Liverpool Sound and Vision Rating 8.5/10
There are bands performing in Liverpool that to be brutally frank, you would climb off your sick bed to go and watch, or at least make sure the venue would let you take in a bed, a team of nurses and a glowering doctor, full of self-importance and unhappiness, as part of the ticket price. For Steve Thompson and the Incidents, sick bed or not, the chance to take in the sincerity and prized affection for the music on offer is perhaps enough to tempt even Lazarus out of retirement and have him storming the barricades, the arm pumped in appreciation and singing each well delivered line as though his very life depended upon it.
Ahead of his own birthday and with the regaling simpering sweat of young lust coming from the room above as one of the pretend new kings of music ploughed his way through the evening, Steve Thompson and the Incidents took the ceiling, the roof and the walls off the 02 Academy and blew their dynamic sound into the less fortunate within a few feet of their instruments and gave the word power a new meaning in any student’s thesaurus.
There are many reason to admire the band, there are many more in which to love and feel the need to spread the word as far as possible and even use a megaphone in the direction of a certain so called music publicist’s wallet and ear.

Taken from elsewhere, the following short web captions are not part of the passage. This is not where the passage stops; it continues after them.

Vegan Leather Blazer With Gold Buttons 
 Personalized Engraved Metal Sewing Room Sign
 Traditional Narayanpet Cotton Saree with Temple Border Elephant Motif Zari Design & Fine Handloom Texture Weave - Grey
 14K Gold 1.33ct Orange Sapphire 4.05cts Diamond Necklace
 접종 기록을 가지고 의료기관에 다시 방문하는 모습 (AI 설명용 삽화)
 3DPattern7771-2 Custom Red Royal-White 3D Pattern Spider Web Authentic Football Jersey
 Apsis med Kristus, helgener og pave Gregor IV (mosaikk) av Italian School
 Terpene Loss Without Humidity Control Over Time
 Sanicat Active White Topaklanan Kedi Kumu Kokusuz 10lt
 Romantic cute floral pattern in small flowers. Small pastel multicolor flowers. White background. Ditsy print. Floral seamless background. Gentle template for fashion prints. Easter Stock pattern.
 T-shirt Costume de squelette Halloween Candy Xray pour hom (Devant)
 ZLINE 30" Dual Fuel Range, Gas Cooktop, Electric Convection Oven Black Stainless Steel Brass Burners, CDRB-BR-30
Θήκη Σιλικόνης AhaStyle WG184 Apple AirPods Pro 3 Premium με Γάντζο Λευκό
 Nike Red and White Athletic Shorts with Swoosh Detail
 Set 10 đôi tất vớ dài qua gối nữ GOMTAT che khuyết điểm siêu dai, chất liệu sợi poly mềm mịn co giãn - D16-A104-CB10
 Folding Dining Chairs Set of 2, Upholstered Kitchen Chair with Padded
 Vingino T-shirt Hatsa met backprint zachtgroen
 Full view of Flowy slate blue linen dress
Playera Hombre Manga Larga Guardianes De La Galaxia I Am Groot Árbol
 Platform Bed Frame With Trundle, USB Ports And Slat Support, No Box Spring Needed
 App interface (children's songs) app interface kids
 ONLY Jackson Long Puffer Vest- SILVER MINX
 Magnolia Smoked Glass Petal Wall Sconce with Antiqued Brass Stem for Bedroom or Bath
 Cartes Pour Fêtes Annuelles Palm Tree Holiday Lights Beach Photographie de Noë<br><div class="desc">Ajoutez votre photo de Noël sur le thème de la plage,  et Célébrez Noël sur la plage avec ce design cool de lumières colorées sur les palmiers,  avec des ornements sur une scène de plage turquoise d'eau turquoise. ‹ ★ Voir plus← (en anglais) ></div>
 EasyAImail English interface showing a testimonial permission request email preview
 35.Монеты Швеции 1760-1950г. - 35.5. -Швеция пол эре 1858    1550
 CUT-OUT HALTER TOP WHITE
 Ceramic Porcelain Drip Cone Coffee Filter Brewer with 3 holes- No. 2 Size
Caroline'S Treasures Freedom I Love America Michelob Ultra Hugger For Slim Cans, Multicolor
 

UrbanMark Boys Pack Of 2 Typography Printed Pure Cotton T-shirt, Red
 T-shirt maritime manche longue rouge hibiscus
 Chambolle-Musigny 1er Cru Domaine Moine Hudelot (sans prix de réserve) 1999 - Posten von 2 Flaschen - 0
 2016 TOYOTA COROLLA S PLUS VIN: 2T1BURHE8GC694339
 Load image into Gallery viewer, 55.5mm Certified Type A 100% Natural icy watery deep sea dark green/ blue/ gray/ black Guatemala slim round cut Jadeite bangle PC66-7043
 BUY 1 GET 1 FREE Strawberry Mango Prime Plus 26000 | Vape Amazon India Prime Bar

For on stage, as they are in the studio, the overpowering sensation of righteous anger and the grumbling fortitude to stick a couple of fingers with quiet sincerity up at the sycophantic ineptness of plastic music is more than enough to make the group just a brilliant act to watch.
Love in the City, Me Not You, the superbly elegant and damning Tell Cowell We’re Coming To Get Ya, arguably one of the songs of the year in Rainbows, I Don’t Care and Deep Undercover were played with craft, guile, steaming anger and fury which flowed and bounced off every sinew and fibre in the o2 Academy and in which must have felt like Heaven had split open and had the plastic muted musicians close by and far off quivering in their shadows.
Watching Steve Thompson and the Incidents is like being at privy to the Anfield boot room of old when Liverpool were, rarely, on the wrong end of a half time pummelling, the ferocity of spirit, the presence of mind and the genuine willingness to be better than anyone else, is palpable and gratifying. A top notch gig given by a great band.